當科學涉及到授予獎勵時,它應該對僅僅是性別的偶然性視而不見;一個人不必成為擴大女性權利和特權的狂熱愛好者,也能感受到這裡有一位女性,她以其輝煌的成就贏得了與她在科學院或任何其他致力於促進科學的類似機構中的同僚並肩而立的權利。科學界無疑會同意科學院秘書加斯頓·達布的觀點,他敦促居里夫人有權繼承其已故丈夫倒數第二位擔任者的職位。
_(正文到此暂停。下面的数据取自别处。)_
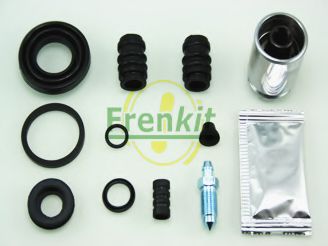 Ремкомплект тормозного суппорта FRENKIT 230939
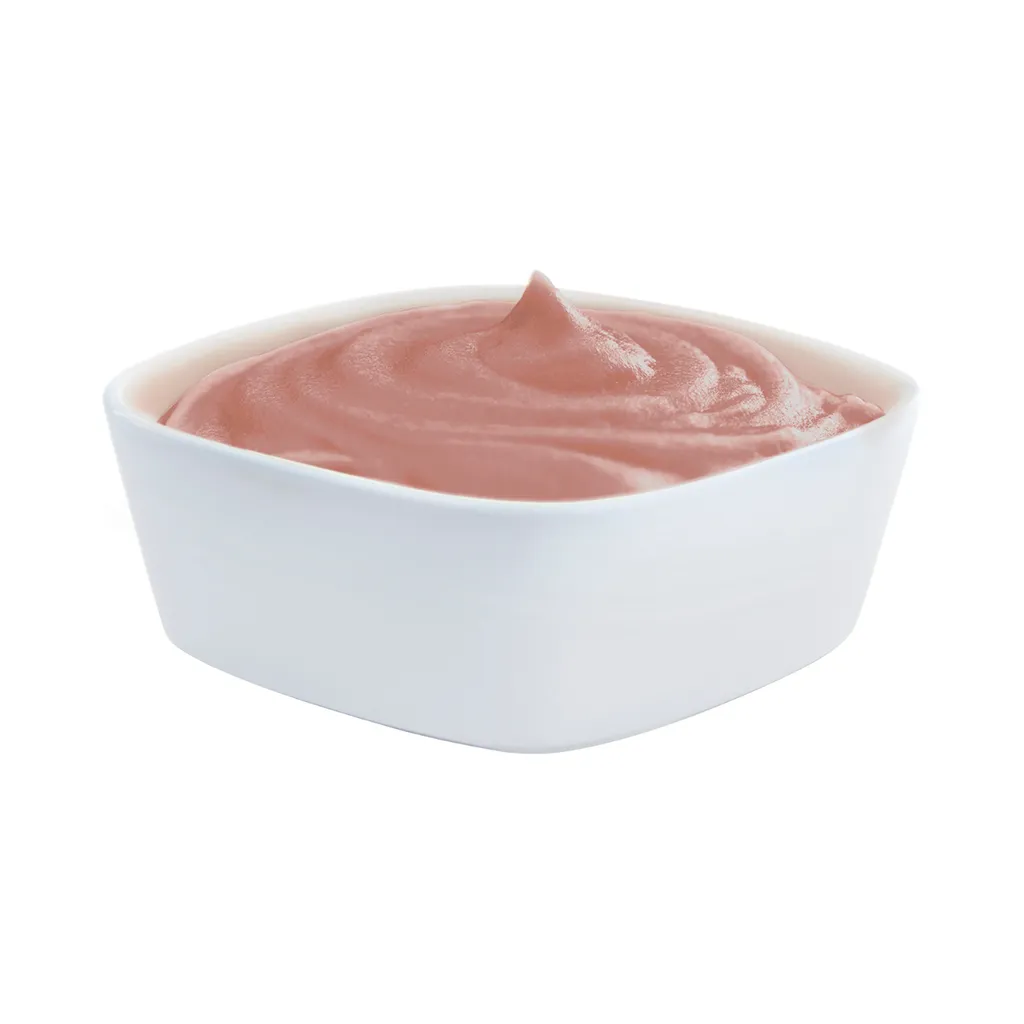 Cat Fest Creamy Snacks- Tuna With Caviar 4x10g (1).webp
就其他國家的學術團體而言,選舉一位女性進入科學院肯定不是沒有先例的。事實上,包括費城哲學學會在內的幾個外國機構已經歡迎她加入他們的成員行列。達布舉例說明了埃爾西利亞·洛瓦泰利伯爵夫人的例子,她作為義大利皇家學院考古部門的院長,在最近的羅馬學院會議上發揮了重要作用,以及埃莉斯·溫德爾的例子,她在 1900 年德國科學院百年慶典期間在柏林是一位傑出人物。除了這些案例,我們還可以補充赫莎·艾爾頓的案例,她是英國電氣工程師學會唯一的女性成員,由於她發現了控制電弧某些現象的定律,因此被認為有資格當選該傑出機構的成員,以及瑪格麗特·林賽·哈金斯夫人的案例,由於她在天文學方面的寶貴工作以及她對致力於該科學分支的期刊的貢獻,她被選為英國皇家天文學會的名譽會員。
在本期雜誌的其他地方,提到了對美國科學家的統計研究,該研究使卡特爾教授注意到,女性在生產性科學工作中貢獻的份額非常小。 如果是這樣,那麼很明顯,反對承認這些女性的權利,將進一步阻止女性進入一個工作領域,在這個領域中,她們的耐心、智慧和強烈的直覺感知使她們特別適合勞動。